Eisglätte legt Schulen in sieben Bundesländern lahm – Eltern und Schüler kämpfen mit Folgen
Noah MayerEisglätte legt Schulen in sieben Bundesländern lahm – Eltern und Schüler kämpfen mit Folgen
Eisglätte zwingt Schulen in mehreren Bundesländern zu Schließungen – Unterricht findet online statt
In mehreren deutschen Bundesländern, darunter Nordrhein-Westfalen, Niedersachsen, Bremen, Brandenburg, Sachsen, Sachsen-Anhalt und Teilen Bayerns, sind Schulen wegen glatteisbedingter Straßenverhältnisse geschlossen worden, was einen abrupten Wechsel zum Distanzunterricht erzwang. Die Schließungen begannen am Montag, dem 12. Januar 2026, nachdem Warnungen vor Blitzeis die Behörden veranlassten, den Präsenzunterricht auszusetzen.
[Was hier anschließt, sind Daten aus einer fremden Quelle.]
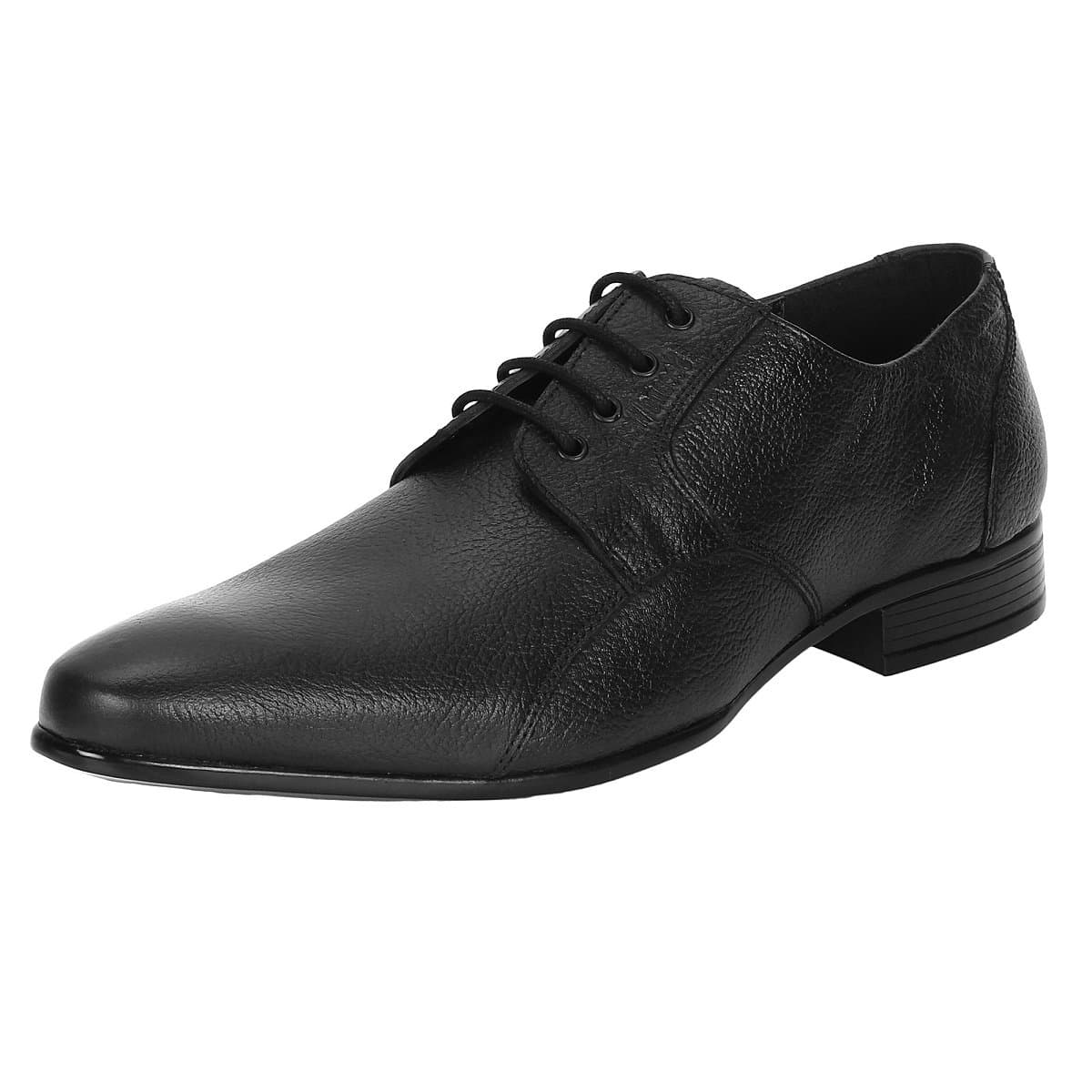 Leather Formal Shoes for Mens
Nordrhein-Westfalen (NRW) und Brandenburg ordneten am 12. Januar die Umstellung auf Fernunterricht an und boten bedürftigen Familien eine Notbetreuung an. In Sachsen, Sachsen-Anhalt und Teilen Bayerns wurden die Entscheidungen dagegen den einzelnen Schulen oder Kommunen überlassen, wobei einige zu Schließungen rieten. Mecklenburg-Vorpommern hingegen hielt die Schulen offen, erlaubte aber entschuldigtes Fehlen für Schülerinnen und Schüler, die nicht sicher zur Schule gelangen konnten.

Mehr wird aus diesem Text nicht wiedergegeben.